The mohawk (also referred to as a Mohican) is a hairstyle in which, in the most common variety, both sides of the head are shaven, leaving a strip of noticeably longer hair in the center. It is today worn as an emblem of non-conformity.
The mohawk is also sometimes referred to as an iro in reference to the Iroquois (who include the Mohawk people), from whom the hairstyle is supposedly derived – though historically the hair was plucked out rather than shaved. Additionally, hairstyles bearing these names more closely resemble those worn by the Pawnee, rather than the Mohawk, Mohicans, Mohegan, or other groups whose names are phonetically similar.
The red-haired Clonycavan Man bog body found in Ireland is notable for having a well-preserved Mohawk hairstyle, dated to between 392 BCE and 201 BCE. The world record for the tallest mohawk goes to Kazuhiro Watanabe, who has a 113.5-centimetre (3 ft 8+1⁄2 in) tall mohawk.
While the mohawk hairstyle takes its name from the people of the Mohawk nation, an indigenous people of North America who originally inhabited the Mohawk Valley in upstate New York, the association comes from Hollywood and more specifically from the popular 1939 film Drums Along the Mohawk starring Henry Fonda.
The Mohawk and the rest of the Iroquois confederacy (Seneca, Cayuga, Onondaga, Tuscarora, and Oneida) in fact wore a square of hair on the back of the crown of the head. The Mohawk did not shave their heads when creating this square of hair but rather pulled the hair out, small tufts at a time. The following is a first-hand account of James Smith, who was captured during the French and Indian war and adopted into the Mohawk tribe:
[A] number of Indians collected about me and one of them began to pull hair out of my head. He had some ashes on a piece of bark in which he frequently dipped his fingers in order to take a firmer hold, and so he went on as if he had been plucking a turkey until he had all the hair clean out of my head, except a small spot about three or four inches square on my crown the remaining hair was cut and three braids formed which were decorated
Therefore, a true hairstyle of the Mohawks was one of plucked-out hair, leaving a three-inch square of hair on the back crown of the head with three short braids of hair decorated. The three braids of a True Mohawk hairstyle are represented today on traditional headdresses of the Mohawk known as a Gustoweh. Mohawk Gustowehs have three upright eagle feathers that represent the three braids of long ago. When not decorated, the very short braids were allowed to hang loose as seen in Good Peter's image in the referenced article.

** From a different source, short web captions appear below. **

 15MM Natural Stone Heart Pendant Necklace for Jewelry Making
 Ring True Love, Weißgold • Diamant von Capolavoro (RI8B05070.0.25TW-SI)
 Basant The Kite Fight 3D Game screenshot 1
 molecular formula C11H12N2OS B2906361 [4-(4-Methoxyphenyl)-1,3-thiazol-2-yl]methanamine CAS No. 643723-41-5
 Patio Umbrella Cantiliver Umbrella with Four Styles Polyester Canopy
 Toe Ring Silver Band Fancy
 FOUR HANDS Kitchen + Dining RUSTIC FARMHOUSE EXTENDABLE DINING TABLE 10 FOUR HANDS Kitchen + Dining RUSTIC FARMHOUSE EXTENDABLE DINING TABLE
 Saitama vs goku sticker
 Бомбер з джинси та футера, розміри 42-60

The hairstyle has been in existence in many parts of the world for millennia. For instance, the Clonycavan Man, a 2000-year-old male bog body discovered near Dublin in 2003, was found to be wearing a mohawk styled with plant oil and pine resin. Herodotus claimed that the Macai, a northern Libyan tribe, "shave their hair so as to leave tufts, letting the middle of their hair grow long, but round this on all sides shaving it close to the skin."

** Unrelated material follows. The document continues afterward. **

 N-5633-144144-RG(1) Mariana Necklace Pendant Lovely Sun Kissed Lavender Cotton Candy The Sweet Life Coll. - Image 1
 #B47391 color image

Among the Pawnee people, who historically lived in present-day Nebraska and in northern Kansas, a "mohawk" hairstyle was common.

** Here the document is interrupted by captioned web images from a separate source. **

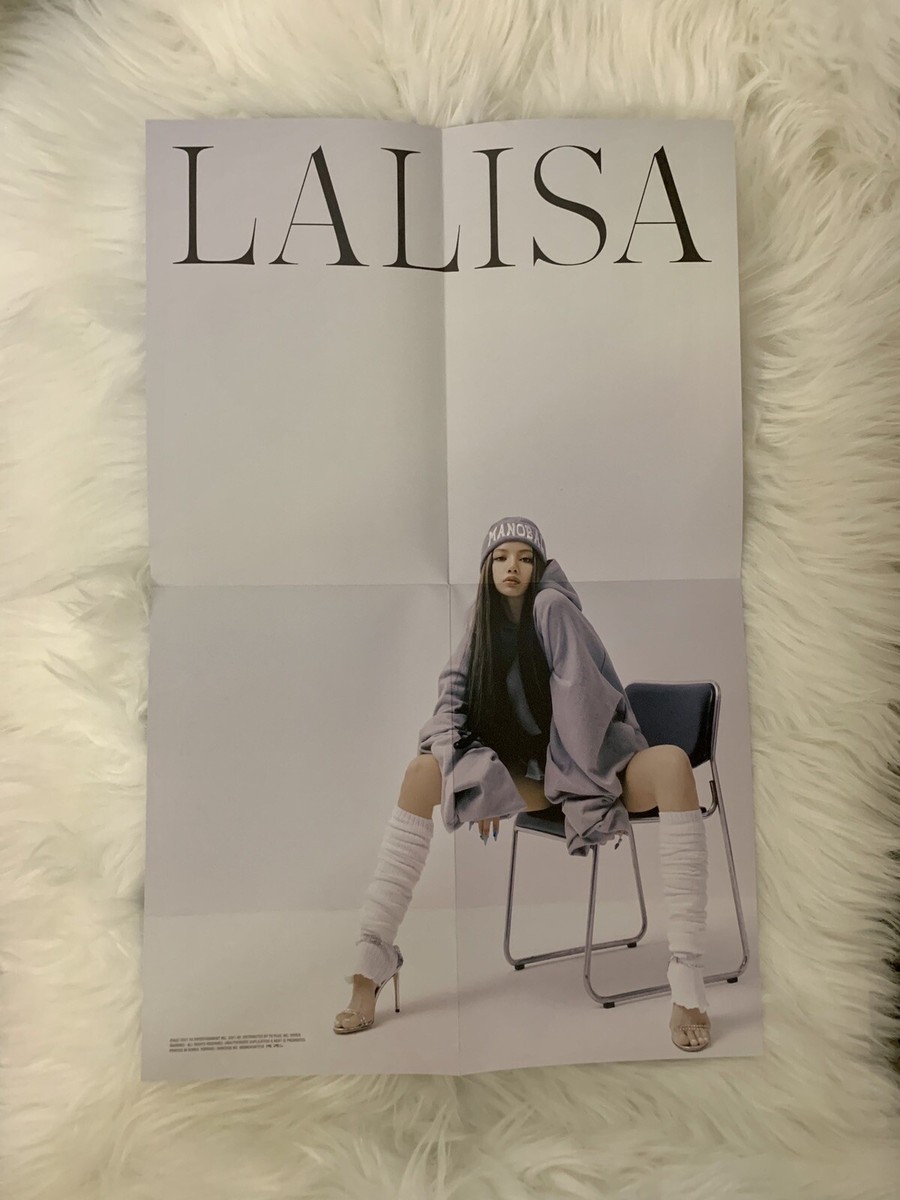 Blackpink Lisa LALISA Album Poster (BLACK VER.) | eBay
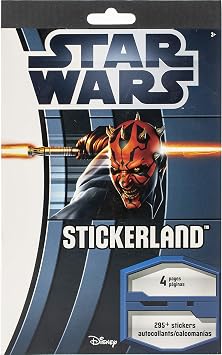 Sandylion STLPAD4P Star Wars-The SAGA Stickerland Pad - 4 Pages, Multi, 5" ST5211
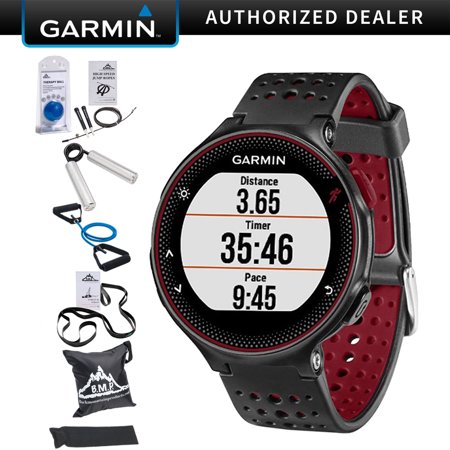 Garmin Forerunner 235 GPS Sport Watch with Wrist-Based Heart Rate Monitor - Marsala (010-03717-70) with 7-Pieces Fitness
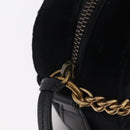 GUCCI GG Marmont Chain Shoulder Bag Velor Black Gold Tone 448065 Auth LN060V-9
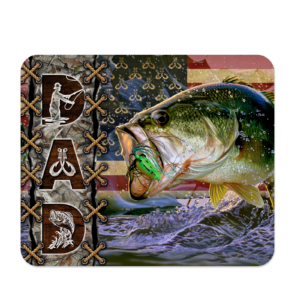 Fisherman Dad Mousepad Mockup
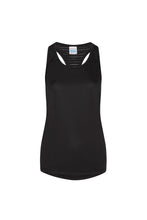 Load image into Gallery viewer, Womens/Ladies Girlie Smooth Workout Vest - Jet Black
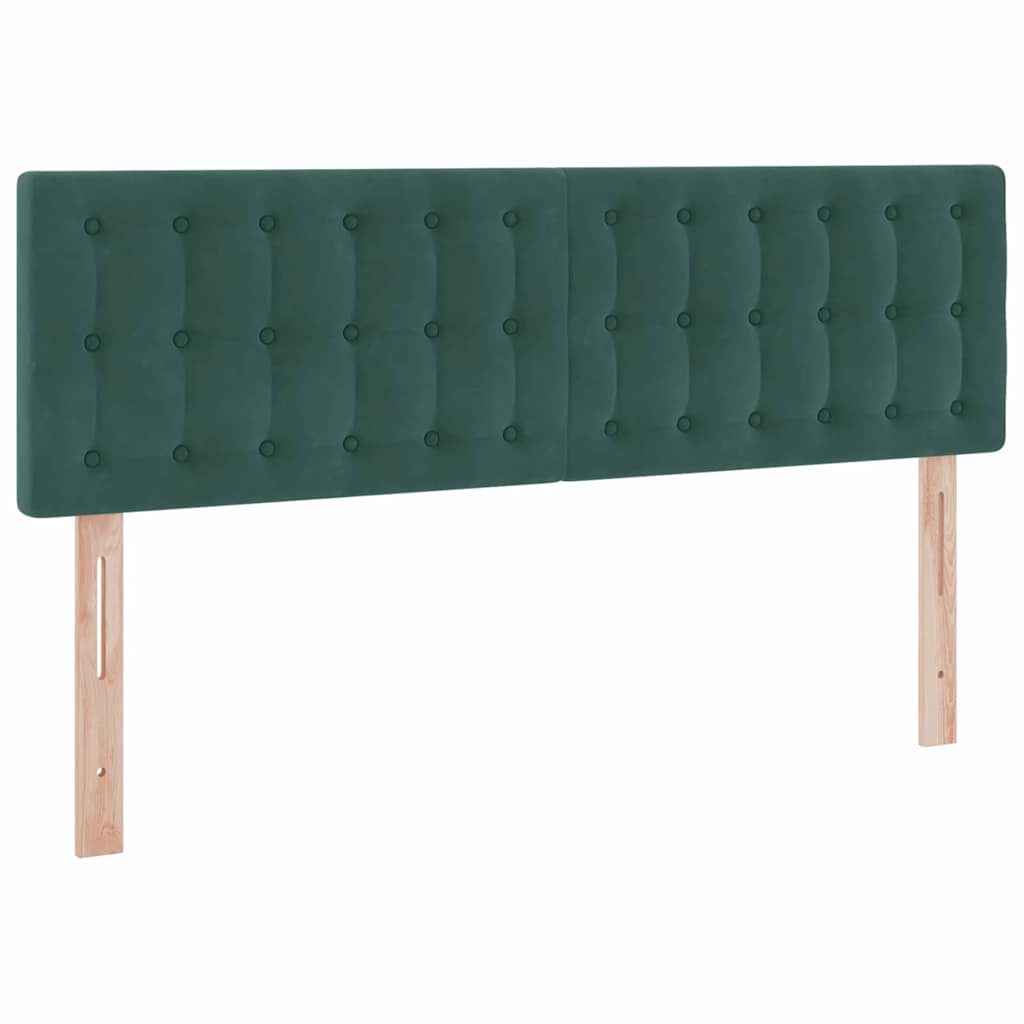 Krevet s prostorom za pohranu s LED-om Tamnozelena 140 x 190 cm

When going to war, 16th-century Ukrainian Cossacks would shave their heads, leaving a long central strip. This haircut was known as an oseledets or chupryna and was often braided or tied in a topknot.
During World War II, many American GIs, notably paratroopers from the 17th Airborne Division wore mohawks to intimidate their enemies. It was also occasionally worn by American troops during the Vietnam War. In the early 1950s, mohawks were worn by some jazz musicians like Sonny Rollins.
Although a mohawk is most widely defined as a narrow, central strip of upright hair running from the forehead to the nape, with the sides of the head bald, the term can be applied more loosely to various similar hairstyles, many of which have informal names.